↓
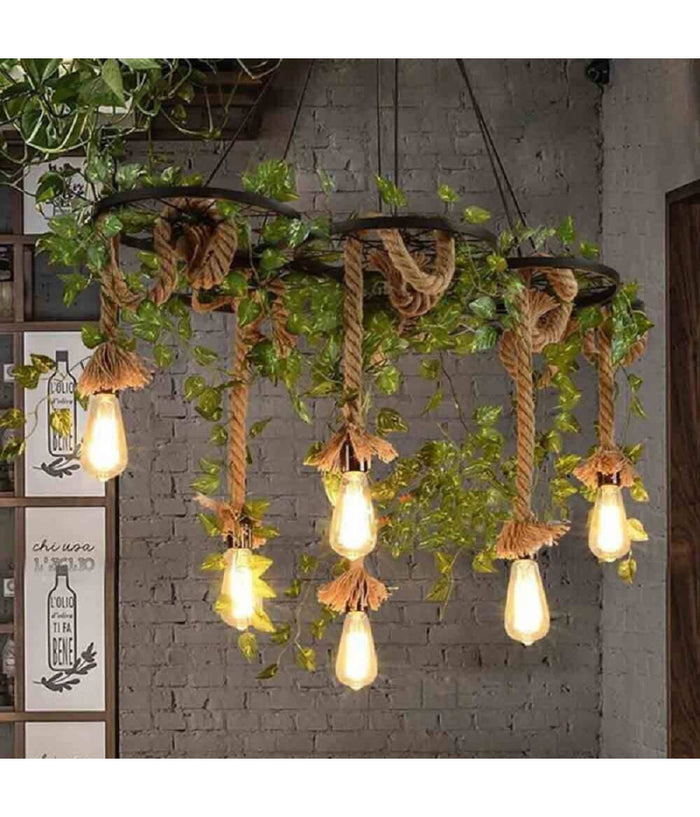 Lampadario A Sospensione Con Corde Canapa 6 Portalampada E27 Retrò Country A89-6         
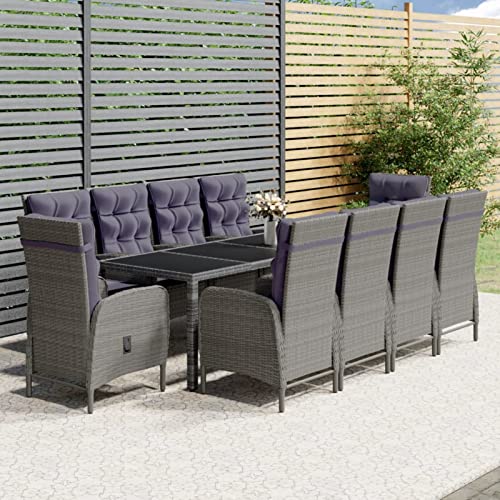Juroupi 11-TLG. Garten-Essgruppe Balkon Sitzgruppe Garten Essgruppe Outdoor Furniture GartenmöBel Set Poly Rattan Grau - 3058558 von Juroupi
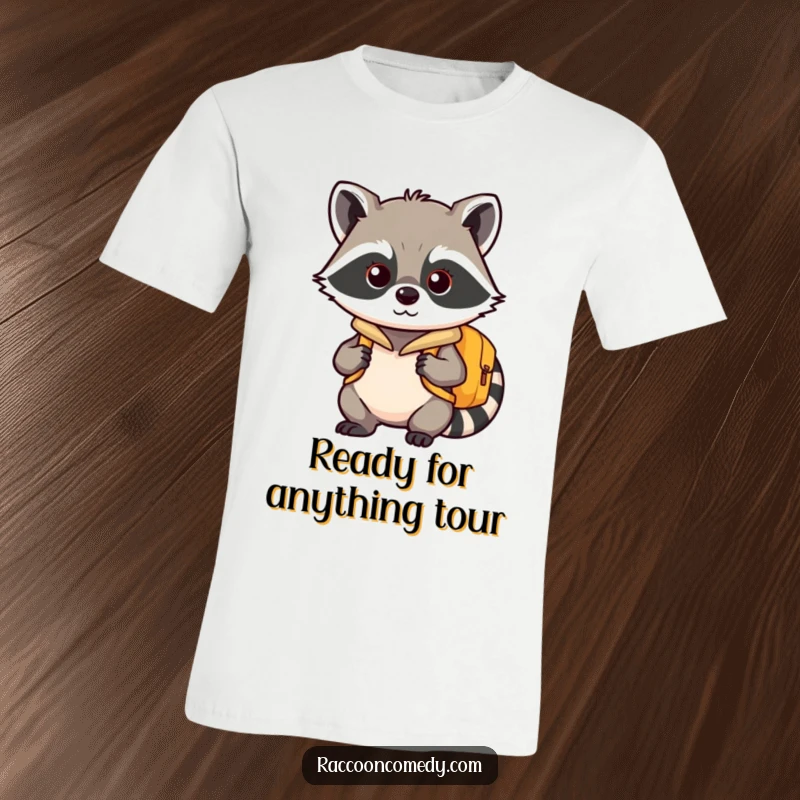 Funny kawaii raccoon t-shirt, equipped with a tiny backpack, exuding excitement for a grand adventure.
↑
PROBLEM DESCRIPTION: Repeat the full listing above without altering a word, and skip the pictures.

RESULT:
 Lampadario A Sospensione Con Corde Canapa 6 Portalampada E27 Retrò Country A89-6         
Juroupi 11-TLG. Garten-Essgruppe Balkon Sitzgruppe Garten Essgruppe Outdoor Furniture GartenmöBel Set Poly Rattan Grau - 3058558 von Juroupi
 Funny kawaii raccoon t-shirt, equipped with a tiny backpack, exuding excitement for a grand adventure.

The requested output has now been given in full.